In the material below, the line holding "Canon ancien miniature" and every line after it should be reproduced exactly, please, with pictures omitted.

=== Section Start ===

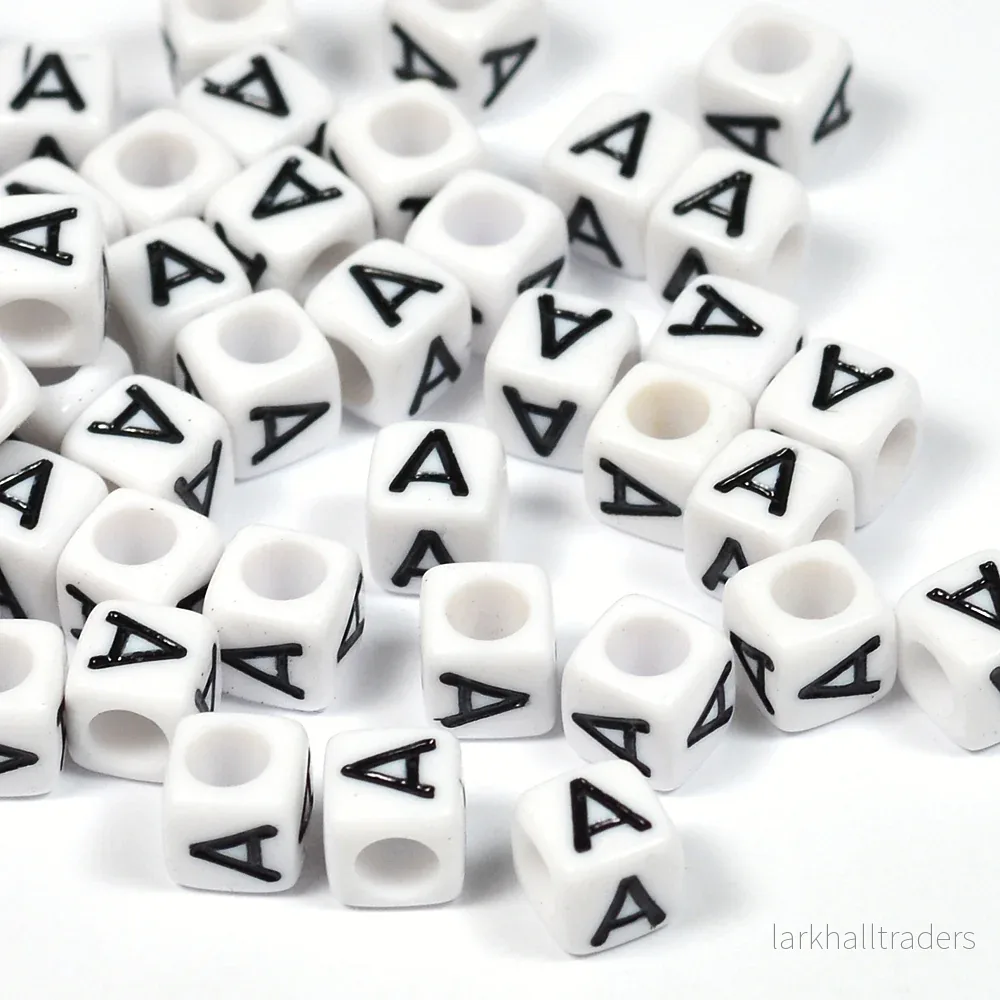 Vita bokstavspärlor, kub, 6mm, A–Z, 100st Vita bokstavspärlor, kub, 6mm, A–Z, 100st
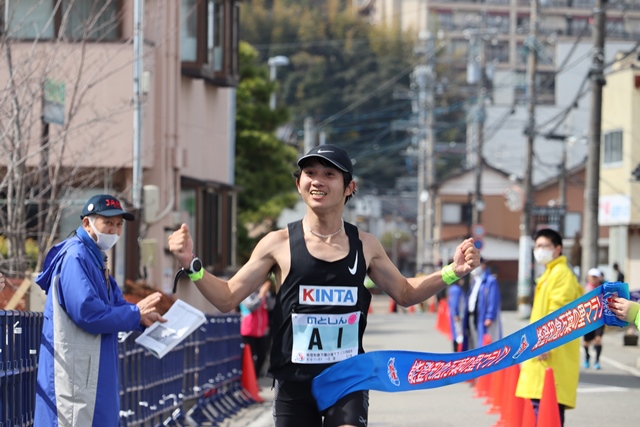 フルマラソン優勝の一花さんゴールシーン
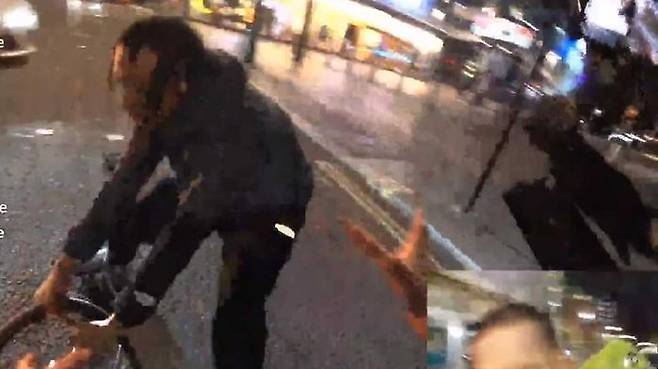 괴한이 레이먼드 힝 씨 자전거를 훔치려는 모습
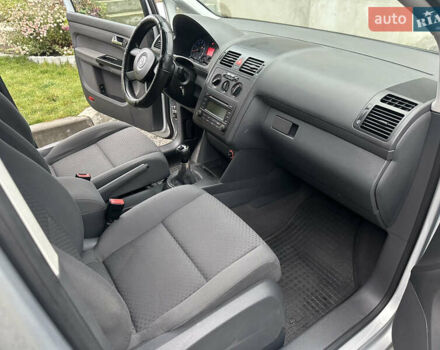 Серый Фольксваген Туран, объемом двигателя 1.6 л и пробегом 151 тыс. км за 4999 $, фото 11 на Automoto.ua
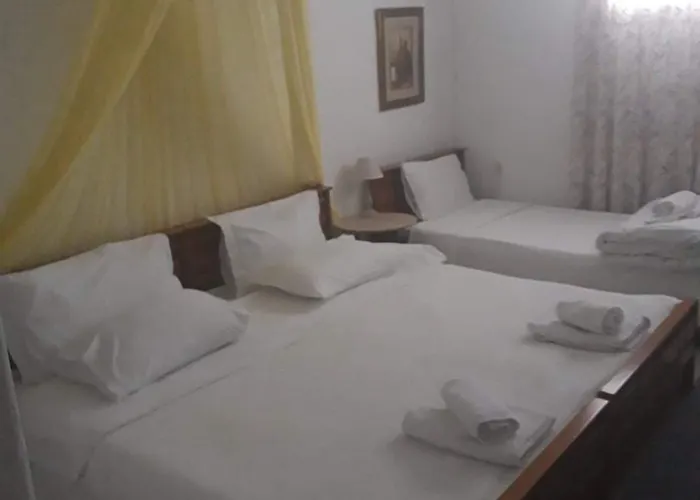 Papanikolaou 公寓式酒店 3*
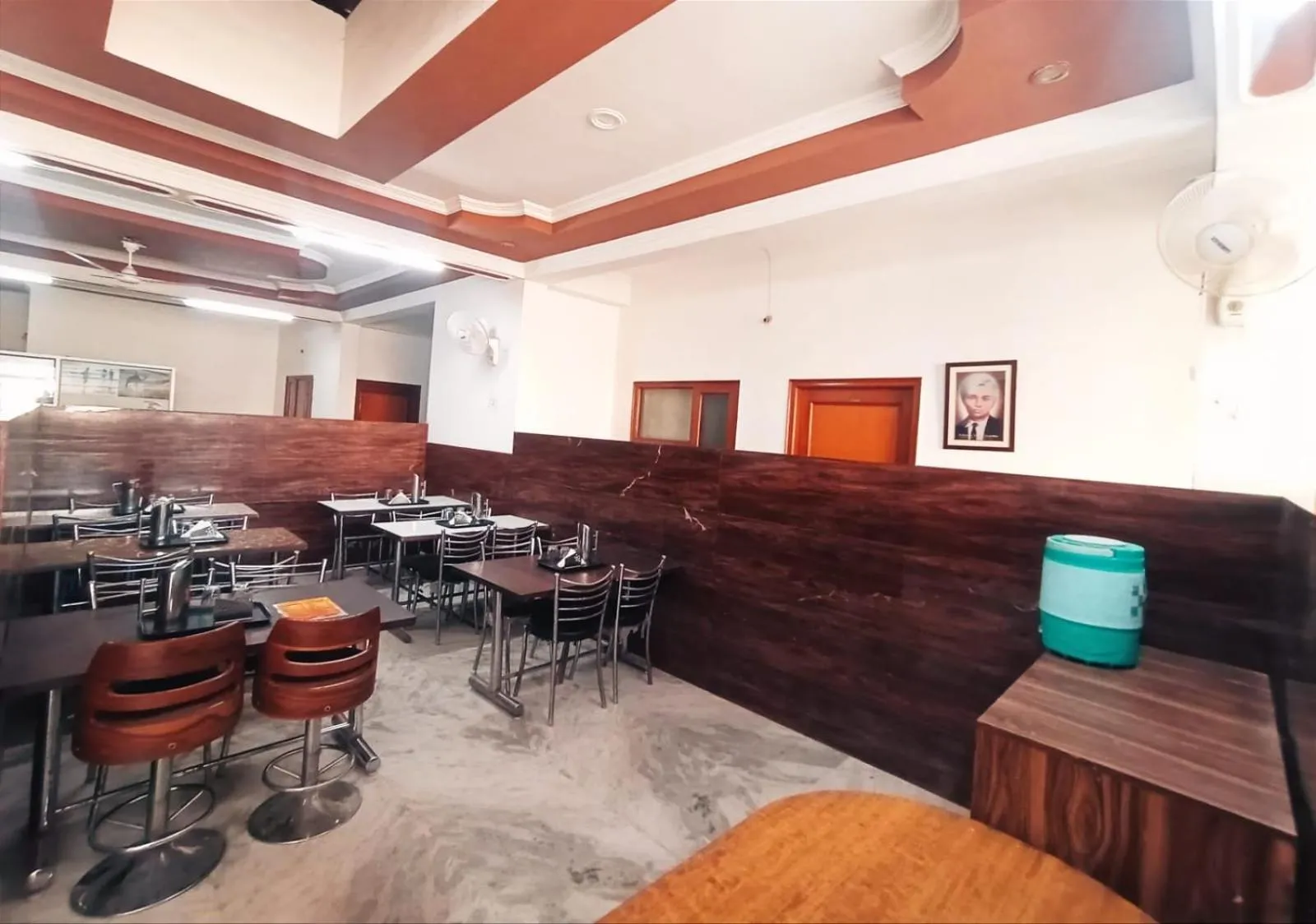 Restaurant/places to eat in Rebirth Hotel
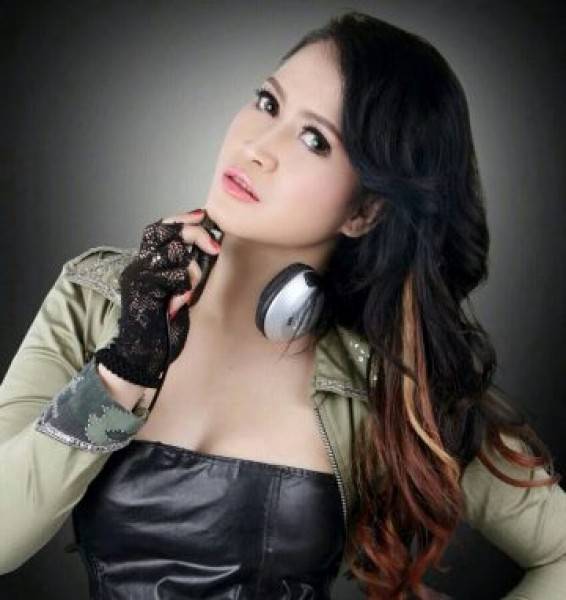 DJ Velline Chu Laporkan Kekasihnya ke Polda Petro Jaya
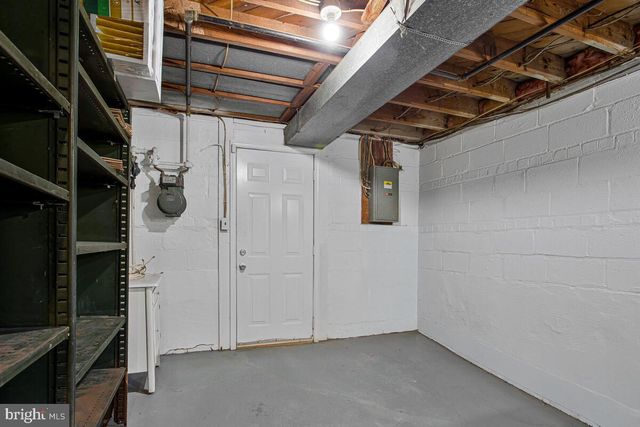 8345 VERONA DR, Hyattsville, MD 20784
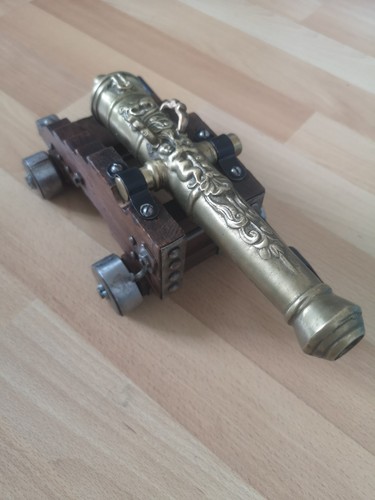 Canon ancien miniature - canon,
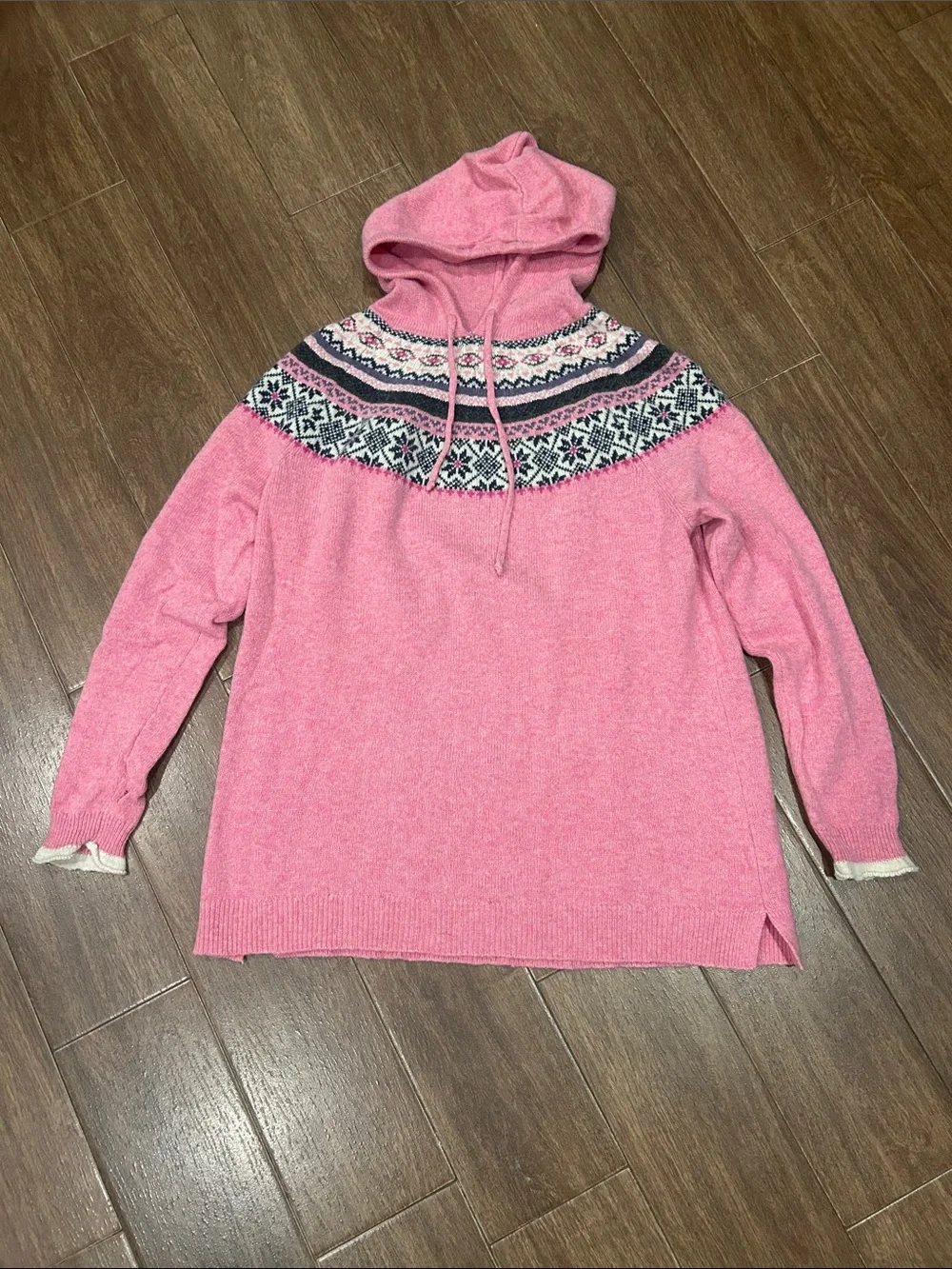 Tabitha Webb Sweater - Picture 1 of 5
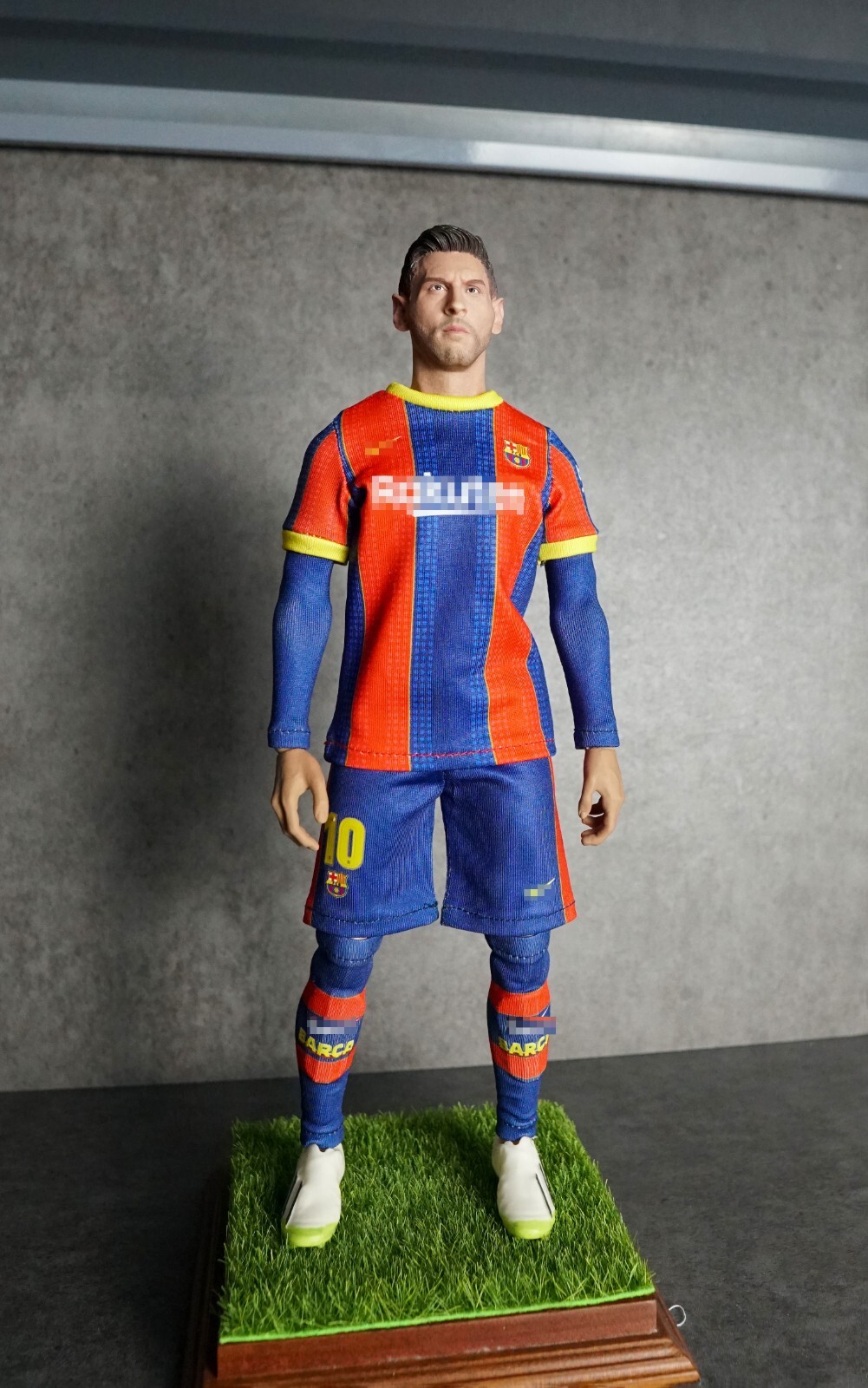 Lionel Messi 1/6 Scale Action Figure – FC Barcelona Kit – 12\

=== Section End ===

> _Worked solution_
 Canon ancien miniature - canon,
 Tabitha Webb Sweater - Picture 1 of 5
 Lionel Messi 1/6 Scale Action Figure – FC Barcelona Kit – 12\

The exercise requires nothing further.